Only the lines from the one containing "Wilgenstraat 4 Velddriel thumbnail 35" through the last line of the material should be copied, exactly as written and without pictures.

- - - - - - -

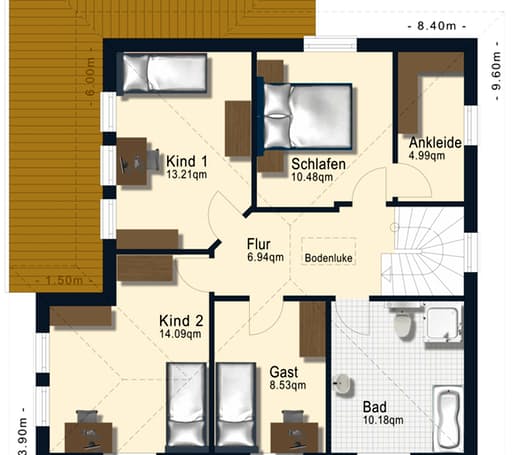 Modell 6.140 floor_plans 1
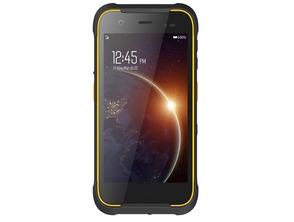 Comprar Smartphone Hammer BS21 Rugerizado 2GB/16GB/5 '' Smartphone Hammer BS21 Rugerizado 2GB/16GB/5 ''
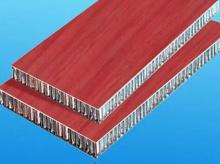 蜂窝板装配方便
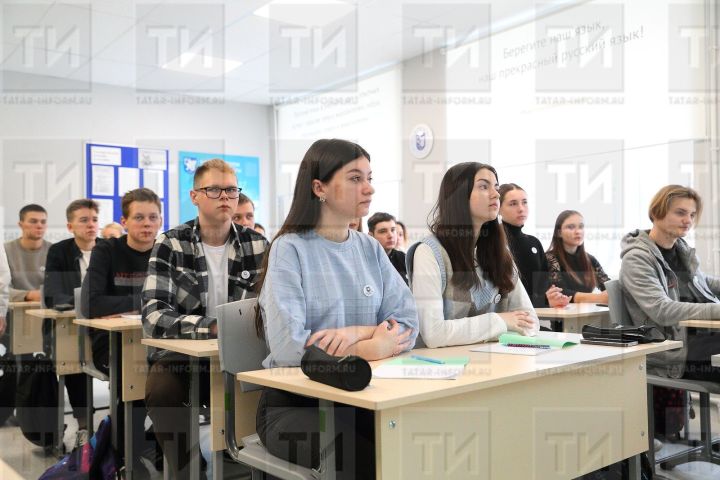 В этом году выпускники ЕГЭ будут сдавать по-новому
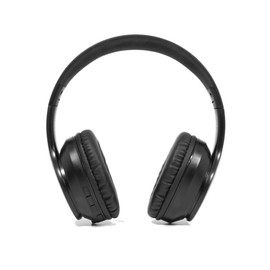 ADJ CUFFIA CON MICROFONO BLUETOOTH DEEP PLUS PER SMARTPHONE E TABLET BLACK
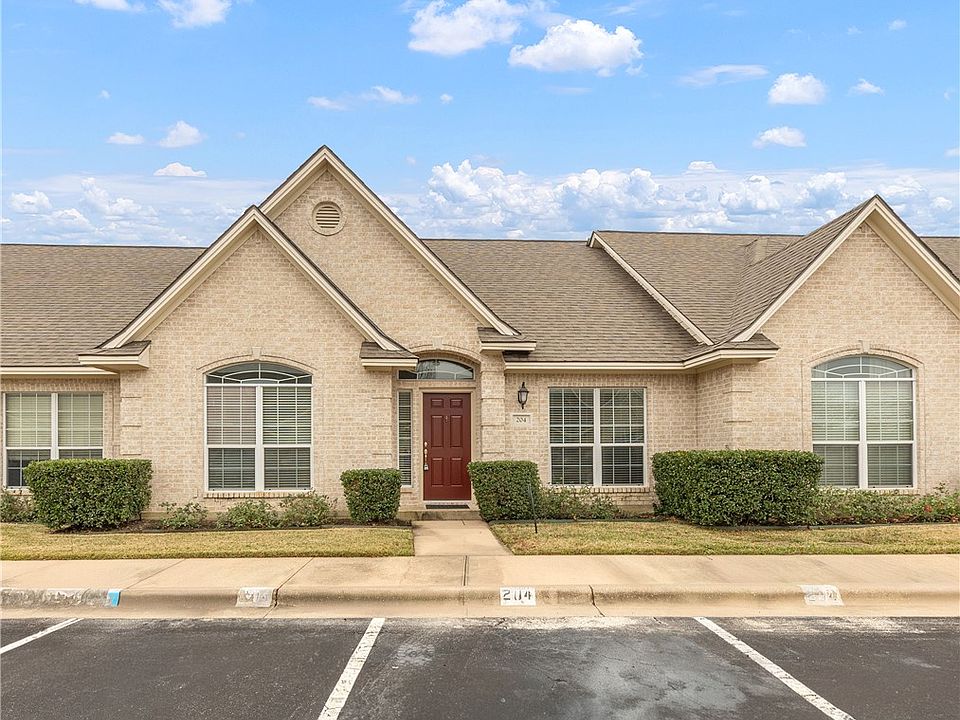 1st image of 204 Fraternity Row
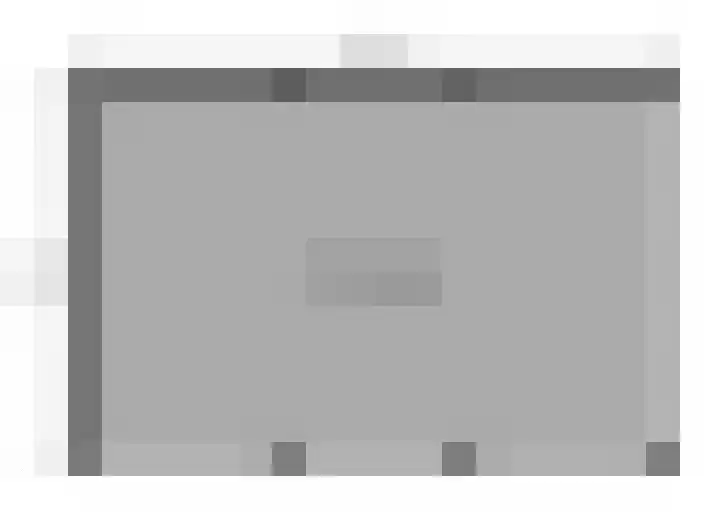 Wilgenstraat 4 Velddriel thumbnail 35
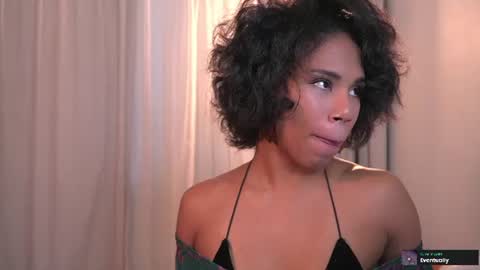 Snapshot of _angeleyes chatting on June 2026 10:11:01 PM Angie - online show from June 2026 10:11:01 PM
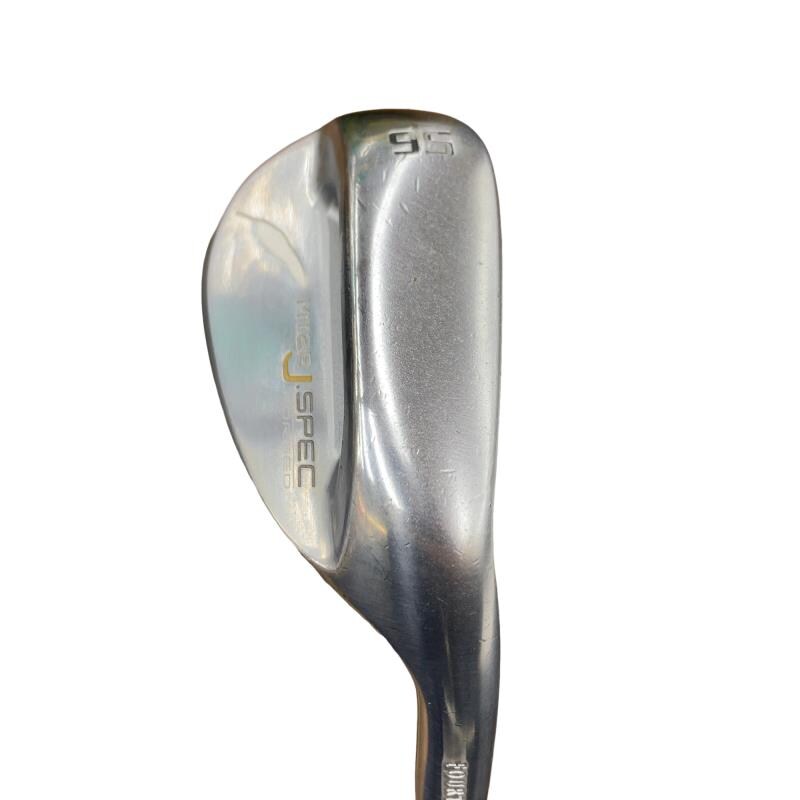 �l�s�|�Q�W�@�i�D�r�o�d�b�@�T�U°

- - - - - - -

### Written response
 Wilgenstraat 4 Velddriel thumbnail 35
 Snapshot of _angeleyes chatting on June 2026 10:11:01 PM Angie - online show from June 2026 10:11:01 PM
 �l�s�|�Q�W�@�i�D�r�o�d�b�@�T�U°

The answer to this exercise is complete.